The value of the ’props’ argument is a hash reference containing all the revision properties for the current revision. The keys of the hash are the property names and the values of the hash are the property values. For example, the author of a revision is available with $args->{svn:author}.

If you change values in the ’props’ hashref, those changes are visible to all subsequent filters in the pipeline. This can be useful and dangerous. Dangerous if you accidentally modify a property, useful if you intentionally modify a property. For instance, it’s possible to make a selection filter which uses Babelfish to translate log messages from one language to another (see SVK::Log::Filter::Babelfish on CPAN). By modifying the ’svn:log’ property, other log filters can operate on the translated log message without knowing that it’s translated.


The value of the ’stash’ argument is a reference to a hash. The stash persists throughout the entire log filtering process and is provided to every method that the filter pipeline calls.
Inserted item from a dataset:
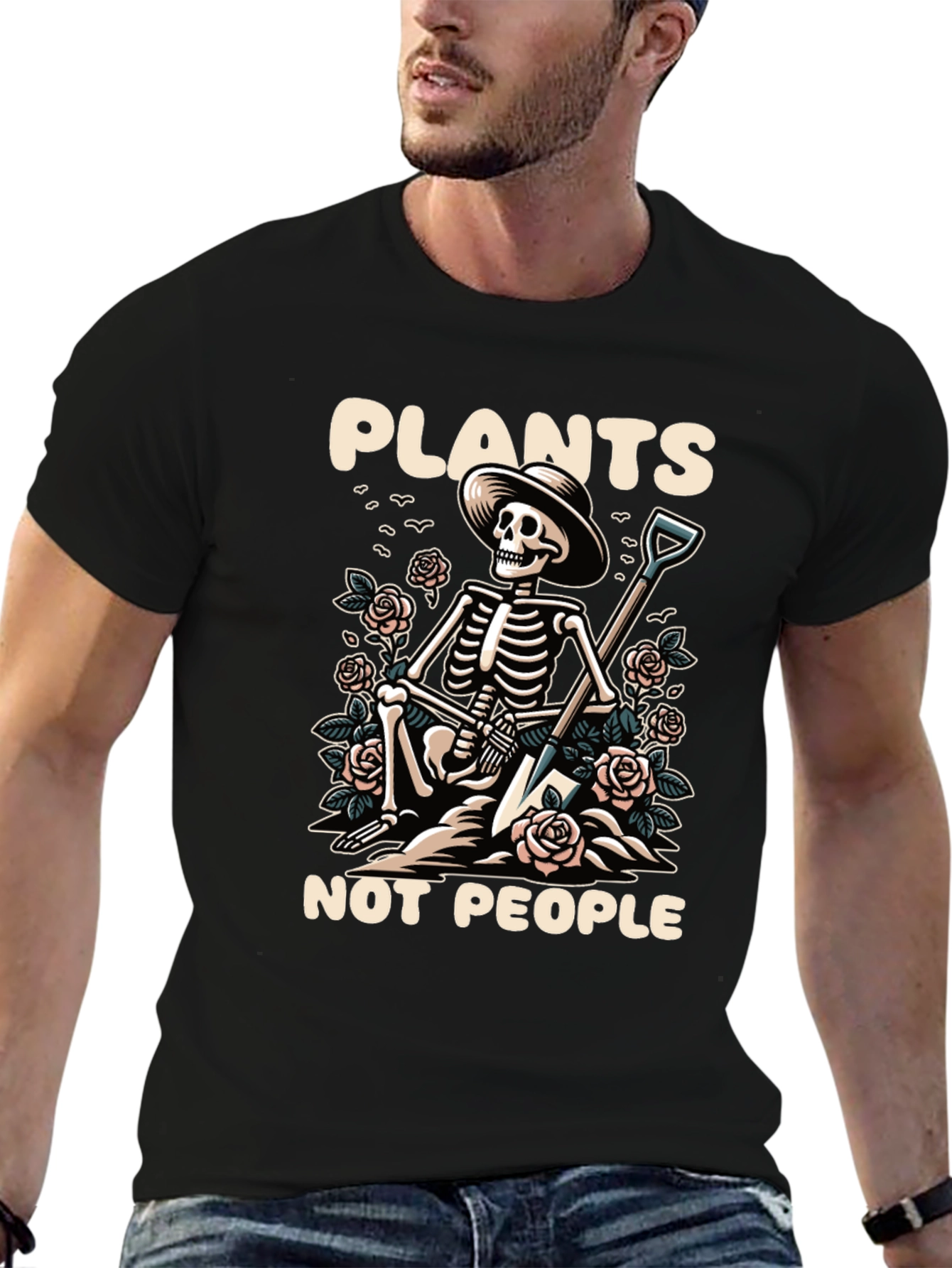 Plants Not People Skeleton Gardener T-Shirt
The stash may be used to pass information from one filter to another filter in the pipeline.

When creating new keys in the stash, it’s important to avoid unintentional name collisions with other filters in the pipeline. A good practice is to preface the name of each stash key with the name of your filter (myfilter_key) or to create your own hash reference inside the stash ($stash->{myfilter}{key}). If your filter puts information into the stash that other filters may want to access, please document the location and format of that information for other filter authors.



If the user included the --quiet flag when invoking svk log the value of this key will be a true value. Otherwise, the value will be false.


If the user included the --verbose flag when invoking svk log the value of this key will be a true value. Otherwise, the value will be false.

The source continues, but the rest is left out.